## DATA PROVIDED
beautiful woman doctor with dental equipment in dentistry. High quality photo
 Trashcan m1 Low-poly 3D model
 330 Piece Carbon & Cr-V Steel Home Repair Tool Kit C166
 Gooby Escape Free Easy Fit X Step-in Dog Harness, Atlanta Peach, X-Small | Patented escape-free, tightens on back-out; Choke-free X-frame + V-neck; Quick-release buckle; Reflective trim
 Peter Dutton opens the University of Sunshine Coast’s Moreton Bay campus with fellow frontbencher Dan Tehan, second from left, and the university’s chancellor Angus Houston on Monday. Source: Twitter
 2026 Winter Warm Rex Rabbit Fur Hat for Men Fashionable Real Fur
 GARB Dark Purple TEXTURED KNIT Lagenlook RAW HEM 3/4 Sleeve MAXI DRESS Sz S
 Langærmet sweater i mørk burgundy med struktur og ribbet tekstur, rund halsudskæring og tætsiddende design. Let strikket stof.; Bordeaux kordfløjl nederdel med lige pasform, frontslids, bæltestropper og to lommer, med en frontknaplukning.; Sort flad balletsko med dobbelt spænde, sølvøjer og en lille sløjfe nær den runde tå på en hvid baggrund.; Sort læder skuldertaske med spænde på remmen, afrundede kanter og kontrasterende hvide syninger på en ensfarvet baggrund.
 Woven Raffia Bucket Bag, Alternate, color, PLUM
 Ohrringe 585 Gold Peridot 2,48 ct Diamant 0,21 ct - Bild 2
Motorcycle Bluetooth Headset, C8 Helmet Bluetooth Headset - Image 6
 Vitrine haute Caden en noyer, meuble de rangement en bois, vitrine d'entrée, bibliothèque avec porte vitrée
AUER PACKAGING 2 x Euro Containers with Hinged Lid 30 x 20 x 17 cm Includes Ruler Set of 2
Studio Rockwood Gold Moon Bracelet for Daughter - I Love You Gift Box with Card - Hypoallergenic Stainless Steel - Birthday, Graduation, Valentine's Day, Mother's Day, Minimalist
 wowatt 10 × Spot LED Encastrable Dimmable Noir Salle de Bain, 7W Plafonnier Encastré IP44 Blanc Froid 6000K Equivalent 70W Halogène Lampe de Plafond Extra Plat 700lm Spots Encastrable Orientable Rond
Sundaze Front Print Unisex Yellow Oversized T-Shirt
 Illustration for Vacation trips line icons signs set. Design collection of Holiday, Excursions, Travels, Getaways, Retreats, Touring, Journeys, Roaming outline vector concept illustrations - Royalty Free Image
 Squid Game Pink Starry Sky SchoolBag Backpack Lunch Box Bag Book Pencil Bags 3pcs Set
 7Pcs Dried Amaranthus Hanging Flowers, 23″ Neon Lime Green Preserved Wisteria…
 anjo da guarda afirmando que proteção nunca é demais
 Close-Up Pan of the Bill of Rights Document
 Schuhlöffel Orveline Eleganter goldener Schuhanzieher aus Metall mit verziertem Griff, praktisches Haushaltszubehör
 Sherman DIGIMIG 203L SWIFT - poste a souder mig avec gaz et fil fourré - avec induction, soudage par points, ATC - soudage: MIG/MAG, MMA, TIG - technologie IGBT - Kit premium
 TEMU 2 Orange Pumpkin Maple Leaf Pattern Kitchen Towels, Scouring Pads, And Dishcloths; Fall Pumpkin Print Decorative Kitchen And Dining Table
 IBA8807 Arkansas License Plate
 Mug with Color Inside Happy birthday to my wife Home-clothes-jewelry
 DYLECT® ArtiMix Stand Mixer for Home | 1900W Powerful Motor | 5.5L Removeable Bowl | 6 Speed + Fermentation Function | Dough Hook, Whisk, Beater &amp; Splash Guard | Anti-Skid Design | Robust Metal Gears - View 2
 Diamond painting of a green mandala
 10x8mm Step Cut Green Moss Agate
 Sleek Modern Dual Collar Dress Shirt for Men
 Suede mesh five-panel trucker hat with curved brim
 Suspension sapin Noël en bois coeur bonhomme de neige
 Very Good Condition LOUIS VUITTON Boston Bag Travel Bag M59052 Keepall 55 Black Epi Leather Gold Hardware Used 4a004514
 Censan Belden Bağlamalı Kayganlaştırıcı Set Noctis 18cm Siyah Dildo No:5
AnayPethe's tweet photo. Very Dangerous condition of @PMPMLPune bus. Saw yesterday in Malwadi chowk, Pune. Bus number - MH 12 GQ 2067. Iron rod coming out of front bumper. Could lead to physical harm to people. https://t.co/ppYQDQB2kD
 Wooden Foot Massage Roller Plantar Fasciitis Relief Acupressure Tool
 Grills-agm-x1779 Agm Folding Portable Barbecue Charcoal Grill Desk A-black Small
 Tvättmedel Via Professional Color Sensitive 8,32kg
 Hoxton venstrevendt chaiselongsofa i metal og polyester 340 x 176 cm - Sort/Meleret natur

## WHAT NEEDS TO BE DONE
Your answer must be the line containing "AnayPethe's tweet photo." and every line after it through the end of the records above, reproduced exactly and alone.

## ANSWER BOX
AnayPethe's tweet photo. Very Dangerous condition of @PMPMLPune bus. Saw yesterday in Malwadi chowk, Pune. Bus number - MH 12 GQ 2067. Iron rod coming out of front bumper. Could lead to physical harm to people. https://t.co/ppYQDQB2kD
 Wooden Foot Massage Roller Plantar Fasciitis Relief Acupressure Tool
 Grills-agm-x1779 Agm Folding Portable Barbecue Charcoal Grill Desk A-black Small
 Tvättmedel Via Professional Color Sensitive 8,32kg
 Hoxton venstrevendt chaiselongsofa i metal og polyester 340 x 176 cm - Sort/Meleret natur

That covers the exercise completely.